Because the debtor conducted business through its subsidiaries in China before filing its Caymans restructuring proceeding, the U.S. Bankruptcy Court considered the possibility that the debtor might seek to enforce the scheme in Hong Kong, where a court recently suggested that chapter 15 recognition by a U.S. court of a foreign proceeding involving the cancellation of U.S. law-governed debt does not discharge the debt. The U.S. bankruptcy court explained that the Hong Kong court misconstrued U.S. law on this point, writing: "To be clear, in recognizing and enforcing the Scheme in this case, the Court concludes that the discharge of the Existing Notes and issuance of the replacement notes is binding and effective."
Recognition Under Chapter 15
Chapter 15 was enacted in 2005 to govern cross-border bankruptcy and insolvency proceedings. It is patterned on the 1997 UNCITRAL Model Law on Cross-Border Insolvency (the "Model Law"), which has been enacted in some form by more than 50 countries.
Both chapter 15 and the Model Law are premised upon the principle of international comity, or "the recognition which one nation allows within its territory to the legislative, executive or judicial acts of another nation, having due regard both to international duty and convenience, and to the rights of its own citizens or of other persons who are under the protection of its laws." Hilton v. Guyot, 159 U.S. 113, 164 (1895). Chapter 15's stated purpose is "to provide effective mechanisms for dealing with cases of cross-border insolvency" with the objective of, among other things, cooperation between U.S. and non-U.S. courts. 11 U.S.C. § 1501(a).

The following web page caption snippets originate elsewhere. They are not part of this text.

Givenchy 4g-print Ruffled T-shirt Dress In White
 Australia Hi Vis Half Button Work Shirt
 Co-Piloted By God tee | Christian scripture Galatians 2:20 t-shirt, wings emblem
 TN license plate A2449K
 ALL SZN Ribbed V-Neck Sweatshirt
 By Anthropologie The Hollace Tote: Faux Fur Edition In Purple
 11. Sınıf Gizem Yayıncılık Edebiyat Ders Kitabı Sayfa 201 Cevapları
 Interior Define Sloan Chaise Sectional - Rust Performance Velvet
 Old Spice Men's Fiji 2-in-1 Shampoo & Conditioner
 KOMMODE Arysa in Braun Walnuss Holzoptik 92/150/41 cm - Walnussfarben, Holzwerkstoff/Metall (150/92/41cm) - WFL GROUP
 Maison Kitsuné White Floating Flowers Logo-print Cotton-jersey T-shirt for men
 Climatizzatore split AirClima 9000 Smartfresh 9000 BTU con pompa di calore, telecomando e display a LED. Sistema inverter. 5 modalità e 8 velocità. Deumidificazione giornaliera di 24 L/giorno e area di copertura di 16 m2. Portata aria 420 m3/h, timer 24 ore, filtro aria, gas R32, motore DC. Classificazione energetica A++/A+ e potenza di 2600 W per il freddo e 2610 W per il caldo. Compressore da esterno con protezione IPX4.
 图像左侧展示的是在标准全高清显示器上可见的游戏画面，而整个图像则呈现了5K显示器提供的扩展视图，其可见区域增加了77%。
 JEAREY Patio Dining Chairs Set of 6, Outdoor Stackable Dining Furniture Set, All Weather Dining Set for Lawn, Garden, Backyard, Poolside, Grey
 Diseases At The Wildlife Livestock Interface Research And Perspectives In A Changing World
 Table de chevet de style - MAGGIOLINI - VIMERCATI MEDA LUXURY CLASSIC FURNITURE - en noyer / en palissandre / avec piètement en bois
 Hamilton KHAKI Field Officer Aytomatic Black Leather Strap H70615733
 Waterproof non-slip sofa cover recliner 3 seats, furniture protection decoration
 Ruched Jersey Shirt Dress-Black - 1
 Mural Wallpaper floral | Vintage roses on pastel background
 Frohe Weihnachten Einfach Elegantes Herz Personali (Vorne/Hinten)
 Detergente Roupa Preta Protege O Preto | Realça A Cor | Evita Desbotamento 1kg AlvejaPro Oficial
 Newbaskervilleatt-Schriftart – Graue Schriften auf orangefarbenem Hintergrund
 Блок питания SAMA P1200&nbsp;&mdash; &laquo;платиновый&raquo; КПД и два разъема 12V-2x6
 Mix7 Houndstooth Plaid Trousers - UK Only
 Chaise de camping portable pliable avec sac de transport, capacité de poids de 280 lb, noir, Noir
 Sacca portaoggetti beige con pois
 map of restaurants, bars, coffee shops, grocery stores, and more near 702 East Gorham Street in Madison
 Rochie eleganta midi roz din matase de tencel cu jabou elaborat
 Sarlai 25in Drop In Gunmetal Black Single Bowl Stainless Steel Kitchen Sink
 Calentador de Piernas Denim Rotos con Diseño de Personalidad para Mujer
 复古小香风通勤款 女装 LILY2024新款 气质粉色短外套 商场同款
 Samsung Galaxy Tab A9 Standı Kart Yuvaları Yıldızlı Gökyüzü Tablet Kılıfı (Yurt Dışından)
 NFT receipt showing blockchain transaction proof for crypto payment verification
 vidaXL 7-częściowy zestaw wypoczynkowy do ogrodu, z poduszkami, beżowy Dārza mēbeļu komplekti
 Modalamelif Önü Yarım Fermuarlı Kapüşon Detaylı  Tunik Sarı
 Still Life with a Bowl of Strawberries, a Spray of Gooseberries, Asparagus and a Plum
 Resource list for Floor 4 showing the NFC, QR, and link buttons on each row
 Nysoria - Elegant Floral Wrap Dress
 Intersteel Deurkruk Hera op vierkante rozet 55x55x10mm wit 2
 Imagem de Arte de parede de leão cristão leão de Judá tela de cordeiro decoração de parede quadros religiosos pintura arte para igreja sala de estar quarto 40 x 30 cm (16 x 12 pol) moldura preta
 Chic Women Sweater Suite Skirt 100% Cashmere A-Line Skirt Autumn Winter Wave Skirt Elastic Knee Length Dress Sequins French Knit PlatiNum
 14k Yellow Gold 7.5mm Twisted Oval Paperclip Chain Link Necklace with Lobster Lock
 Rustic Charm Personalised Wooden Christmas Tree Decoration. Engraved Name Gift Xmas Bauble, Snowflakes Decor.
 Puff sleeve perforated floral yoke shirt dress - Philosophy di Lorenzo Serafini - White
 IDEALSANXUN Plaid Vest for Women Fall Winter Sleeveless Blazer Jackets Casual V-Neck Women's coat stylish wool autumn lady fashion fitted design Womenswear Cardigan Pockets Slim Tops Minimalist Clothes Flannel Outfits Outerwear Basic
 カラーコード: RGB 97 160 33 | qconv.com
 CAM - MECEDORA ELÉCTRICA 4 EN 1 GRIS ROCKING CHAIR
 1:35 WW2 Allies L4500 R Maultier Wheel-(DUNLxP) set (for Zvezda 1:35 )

Under section 1515 of the Bankruptcy Code, the representative of a foreign debtor may file a petition in a U.S. bankruptcy court seeking "recognition" of a "foreign proceeding." Section 101(24) of the Bankruptcy Code defines "foreign representative" as "a person or body, including a person or body appointed on an interim basis, authorized in a foreign proceeding to administer the reorganization or the liquidation of the debtor's assets or affairs or to act as a representative of such foreign proceeding."
The basic requirements for recognition under chapter 15 are outlined in section 1517(a), namely: (i) the proceeding must be "a foreign main proceeding or foreign nonmain proceeding" within the meaning of section 1502; (ii) the "foreign representative" applying for recognition must be a "person or body"; and (iii) the petition must satisfy the requirements of section 1515, including that it be supported by the documentary evidence specified in section 1515(b).
"Foreign proceeding" is defined in section 101(23) of the Bankruptcy Code as:
[A] collective judicial or administrative proceeding in a foreign country, including an interim proceeding, under a law relating to insolvency or adjustment of debt in which proceeding the assets and affairs of the debtor are subject to control or supervision by a foreign court, for the purpose of reorganization or liquidation.
More than one bankruptcy or insolvency proceeding may be pending with respect to the same foreign debtor in different countries. Chapter 15 therefore contemplates recognition in the United States of both a foreign "main" proceeding—a case pending in the country where the debtor's center of main interests ("COMI") is located (see 11 U.S.C. § 1502(4))—and foreign "nonmain" proceedings, which may be pending in countries where the debtor merely has an "establishment" (see 11 U.S.C. § 1502(5)). A debtor's COMI is presumed to be the location of the debtor's registered office, or habitual residence in the case of an individual. See 11 U.S.C. § 1516(c).
However, this presumption can be overcome. See In re ABC Learning Centres Ltd., 445 B.R. 318, 328 (Bankr. D. Del. 2010) (stating that "the COMI presumption may be overcome particularly in the case of a 'letterbox' company not carrying out any business" in the country where its registered office is located), aff'd, 728 F.3d 301 (3d Cir. 2013).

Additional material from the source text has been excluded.